There are seven chapters: 1) Language and Some Celebrated Ideas, 2) Numbers, 3) Algebra, 4) Geometry, 5) Combinatorial Problems, 6) Chess 7 × 7, and 7) Farewell to the Reader. In the first chapter, the author includes a brief discussion about interpreting and reasoning with complex sentences, without laboring over the details of formal mathematical language. He introduces some general problem solving principles such as arguing by contradiction, the pigeonhole principle, and mathematical induction, and illustrates these with numerous examples, some of which are solved. The second chapter includes a number of problems about rational and irrational numbers, while the third illustrates problem-solving strategies for situations involving systems of equations and inequalities.
Chapter 4, Geometry, is the longest chapter in the book, including more than 60 problems in sections titled Loci, Symmetry and Other Transformation, Proofs in Geometry, Constructions, Computations in Geometry, and Maximum and Minimum in Geometry. The problems in Chapter 5 include combinatorial problems of sets and problems of existence, as well as ways of using coloring to solve certain kinds of problems. Chapter 6 opens with a problem about scheduling games in a chess tournament so that each player on one team plays each player on the opposing team. Three complete solutions to this problem are worked out in detail: The first solution exploits an algebraic description of convexity, the second solution is presented as a problem on a 7×7 chessboard, and the third solution connects this problem to a representation of the 7-point real projective plane.
More than 150 problems are included in this collection. While these problems here do not require anything beyond high school algebra and geometry, many of them would be challenging to undergraduate mathematics students.
One question that goes through my mind when I review a book like this one is “How would I use this book?” Aside from the fact that I found the problems given here simply engaging and enjoyable, I could imagine using some of these problems to challenge my students in a variety of courses. The combinatorial problems in Chapter 5 could be used to augment discussion in a discrete mathematics course, the loci and construction problems of Chapter 4 would fit nicely into a geometry course, and problems involving systems of inequalities could be used to challenge students in a algebra or precalculus course. The problems are grouped into collections of types of problems — which is helpful for an instructor who is looking for ways of integrating problem solving into a particular course, and might be useful for coaching a mathematics competition team. This little book would be a good resource for an instructor or coach.

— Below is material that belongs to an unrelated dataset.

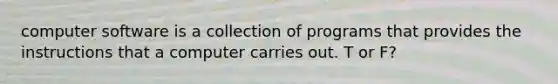 computer software is a collection of programs that provides the instructions that a computer carries out. T or F?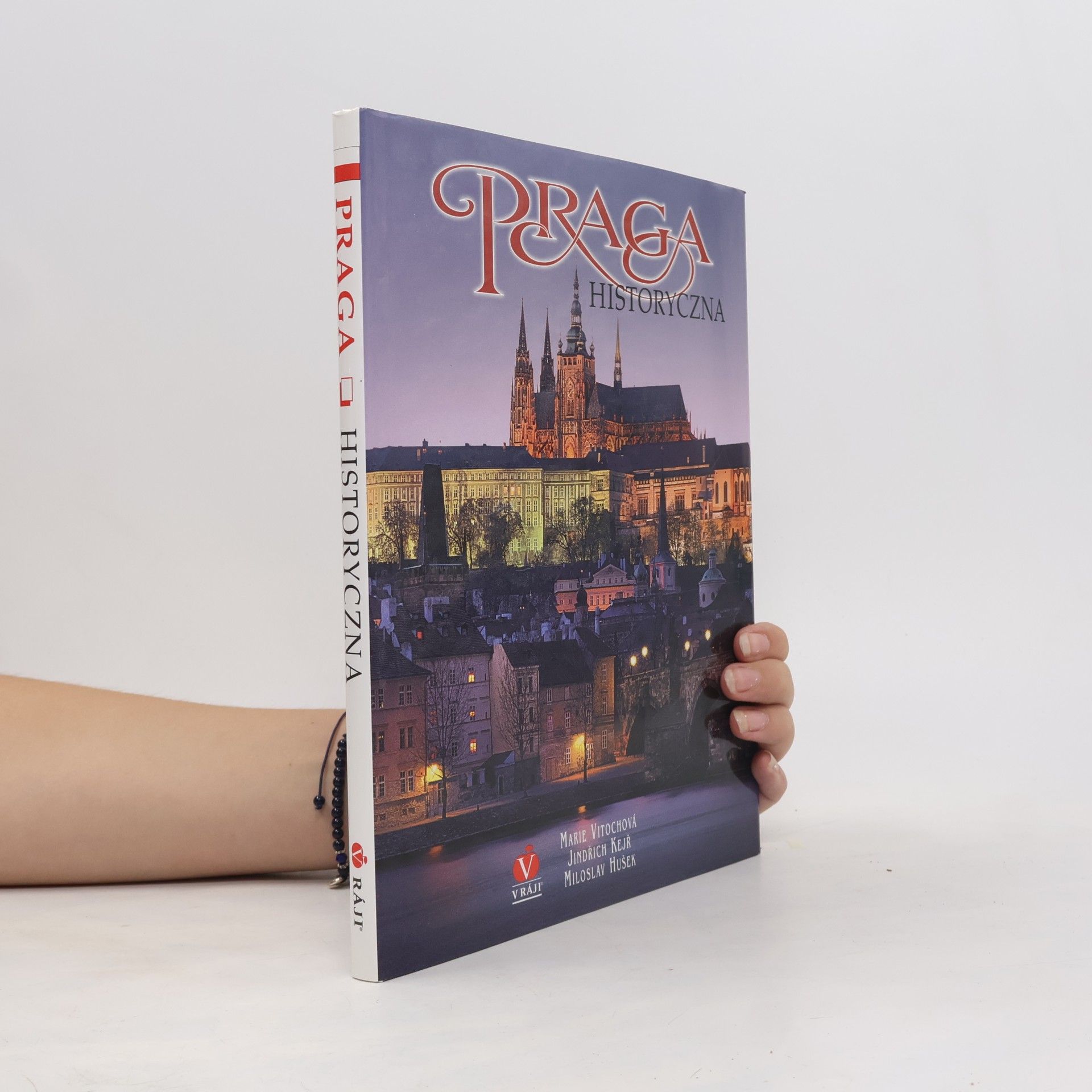 Marie Vitochova Praga historyczna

I found it a little bewildering at first that this book begins with three Forwards and two Prefaces. Later I realized that these Forwards are one way of showing that it has been endorsed by Branko Grünbaum, Peter D. Johnson, Jr., and Cecil Rousseau, each of who has been involved with coaching students in one or another mathematics competition. Since this is a Second Edition, it seems appropriate that both the original Preface and a Preface to the Second Edition be included here.